Later, from the Muromachi period to the early Edo period, both investiture of the crown ｐrincess and princesses came to an end, as a result of which there was a long period in which only the emperor's birth mother became Nyoin. However, from Emperor Gomizunoo's empress Masako TOKUGAWA (Tofukumonin) Nyoin from an empress was revived, and there were Nyoin from among the princesses, such as Reiseimonin, but it was abolished at the time of the Meiji Restoration, with Naoko OGIMACHI (Shintaikenmonin, Emperor Komei's birth mother) as the last. After that, even though there were calls to revive the Nyoin in regard to the treatment of Yoshiko NAKAYAMA and Naruko YANAGIHARA (birth mothers of Emperor Meiji and Emperor Taisho, respectively), there was a lot of opposition and it did not come to fruition.
Unlike an ingo (a posthumous title) given to an emperor or retired emperor, the name of a Nyoin (hereafter Nyoingo) was given during her lifetime by Ingo-sadame (imperial decree). Looking at the first two Nyoin, Higashi Sanjoin's title was based on Higashi Sanjo-dono Palace, and Jotomonin's was based on Jotomon-dai (aka Tsuchimikado-dai; another name for Jotomon in Daidairi, the Greater Imperial Palace was "Tuchimikado," and the road that ran through it was called Tsuchimikado Oji or Jotomon Oji), both came from the ridai (palace outside the Imperial enclosure). The next Princess Teishi, the mansions that she inherited were Biwa-dono Palace on Konoe Oji (aka Yomeimon Oji) which runs through Daidairi's Yomei-mon Gate, and Oi-dono on Oi-no-mikado Oji which runs through Daidairi's Ikuho-mon Gate, so her title had a "mon" because of that. However, after Taikenmonin in 1124, it became standard practice for Nyoingo to be given regardless of place of residence.
It is known from records that Nyoingo was chosen from among several proposed candidates, and the decision was based not only on the ridai or monin name, but also whether the characters were good or not or whether it resembles an unlucky predecessor, and it was considered from various angles such as not repeating an existing title.

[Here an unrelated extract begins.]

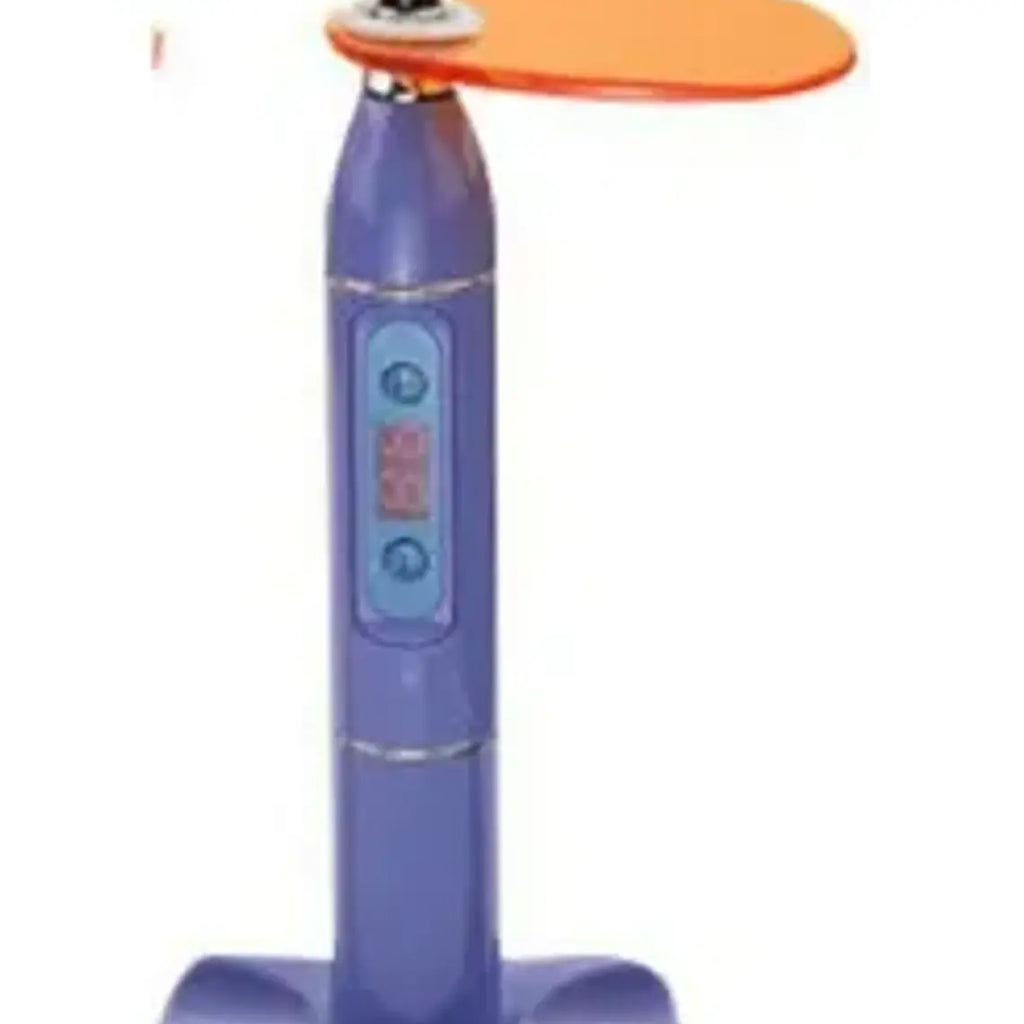 Lámpara Fotocurado Halógena Dental Cromada 2000 Mws Santiago 34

In the case of emperors and retired emperors the same ingo would be used again with "Go" (later) prefixed, but it is notable that Nyoin titles mostly had the prefix "Shin" (new) (Kishi SAIONJI is the only exception); and whereas Nyoingo that repeated ex-emperors' ingo were not used, duplication of Nyoin titles was not considered when deciding an emperor's ingo, as in the case of Emperor Nijo who was preceded by the Nyoingo Nijoin.
The Title of Empress Dowager
One form of Nyoingo was the Mon-ingo that came from Kinri (the Imperial Palace) gates. The first example was FUJIWARA no Shoshi, who was originally named after the ridai, but Jotomonin, who was the mother of the two successive emperors, was cited as a good example; this became the ingo for a majority of all Nyoin. At first it was limited to Kinmon gates (14 gates in the outer wall that encloses Daidairi), but after TAIRA no Shigeko in 1169, palace gates (7 gates in the wall that encloses the outer Dairi), inner gates (12 gates in the inner wall that encloses the middle Dairi) and naikakumon gates, as well as the names of gates of Chodoin (an office at the Heijo-kyo Palace) and Burakuin were used.